Notre temps de travail observe un rythme de plus en plus saccadé. Ce sont des périodes de rush intense qui se succèdent, pendant lesquelles il s’agit de tenir bon, grâce à la perspective d’une plage de repos qui s’annonce pour un moment en famille ou un départ sous d’autres horizons. Ainsi, au cours d’une année, il est fréquent désormais de planifier trois ou quatre ‘longues’ pauses pendant lesquelles il est conseillé de se déconnecter vraiment. Mais nous ne sommes pas nombreux à y arriver… En cause, un rapport contrarié à l’équilibre privé/professionnel et cette foutue propension à croire bêtement que nous pourrions être indispensables à la bonne marche des affaires.

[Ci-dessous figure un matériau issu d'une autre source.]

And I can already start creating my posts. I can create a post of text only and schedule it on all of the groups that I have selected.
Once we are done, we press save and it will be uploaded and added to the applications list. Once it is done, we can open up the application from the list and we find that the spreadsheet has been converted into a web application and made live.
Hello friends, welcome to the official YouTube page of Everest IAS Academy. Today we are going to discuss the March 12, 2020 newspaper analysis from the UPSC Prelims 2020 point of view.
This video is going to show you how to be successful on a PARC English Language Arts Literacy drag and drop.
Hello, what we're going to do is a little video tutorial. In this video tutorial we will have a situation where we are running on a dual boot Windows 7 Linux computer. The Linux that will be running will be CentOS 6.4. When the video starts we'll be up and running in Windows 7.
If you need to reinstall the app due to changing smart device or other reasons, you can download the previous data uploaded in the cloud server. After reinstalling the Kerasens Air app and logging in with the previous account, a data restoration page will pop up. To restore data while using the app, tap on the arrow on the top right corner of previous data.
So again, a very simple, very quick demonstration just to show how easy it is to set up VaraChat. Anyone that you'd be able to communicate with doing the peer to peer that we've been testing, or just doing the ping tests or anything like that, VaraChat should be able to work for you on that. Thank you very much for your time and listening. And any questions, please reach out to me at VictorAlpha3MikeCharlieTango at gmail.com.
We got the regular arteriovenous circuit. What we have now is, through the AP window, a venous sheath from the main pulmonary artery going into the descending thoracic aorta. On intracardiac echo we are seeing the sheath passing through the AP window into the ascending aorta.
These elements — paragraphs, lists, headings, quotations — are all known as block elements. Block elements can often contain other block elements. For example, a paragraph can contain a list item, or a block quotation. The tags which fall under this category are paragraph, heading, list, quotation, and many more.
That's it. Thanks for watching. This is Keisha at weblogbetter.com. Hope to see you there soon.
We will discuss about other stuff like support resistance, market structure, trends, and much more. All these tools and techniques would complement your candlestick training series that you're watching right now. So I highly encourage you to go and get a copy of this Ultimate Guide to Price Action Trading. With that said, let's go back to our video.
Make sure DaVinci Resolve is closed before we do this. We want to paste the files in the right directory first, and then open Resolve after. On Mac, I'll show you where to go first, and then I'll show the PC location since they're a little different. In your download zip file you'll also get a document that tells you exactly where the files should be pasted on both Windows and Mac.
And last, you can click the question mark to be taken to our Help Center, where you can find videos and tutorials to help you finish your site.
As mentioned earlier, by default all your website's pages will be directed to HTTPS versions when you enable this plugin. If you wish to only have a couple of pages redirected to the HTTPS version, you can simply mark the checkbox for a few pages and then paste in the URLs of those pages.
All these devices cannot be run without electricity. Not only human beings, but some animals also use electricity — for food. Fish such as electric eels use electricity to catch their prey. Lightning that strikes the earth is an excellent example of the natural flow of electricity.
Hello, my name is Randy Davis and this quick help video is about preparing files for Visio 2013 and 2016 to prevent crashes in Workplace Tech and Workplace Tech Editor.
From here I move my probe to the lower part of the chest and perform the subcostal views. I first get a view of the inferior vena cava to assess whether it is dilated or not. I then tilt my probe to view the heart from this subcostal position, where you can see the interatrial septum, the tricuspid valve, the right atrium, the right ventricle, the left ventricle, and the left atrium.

Grosse confusion dans la gestion de l’espace/temps

Plusieurs phénomènes récents démontrent que la gestion des sphères privée et professionnelle est nettement plus complexe qu’auparavant. Certain.e.s surfent avec bonheur sur la possibilité de travailler à peu près n’importe où et n’importe quand. D’autres cherchent leur voie dans un éventail de possibilités encore inédit.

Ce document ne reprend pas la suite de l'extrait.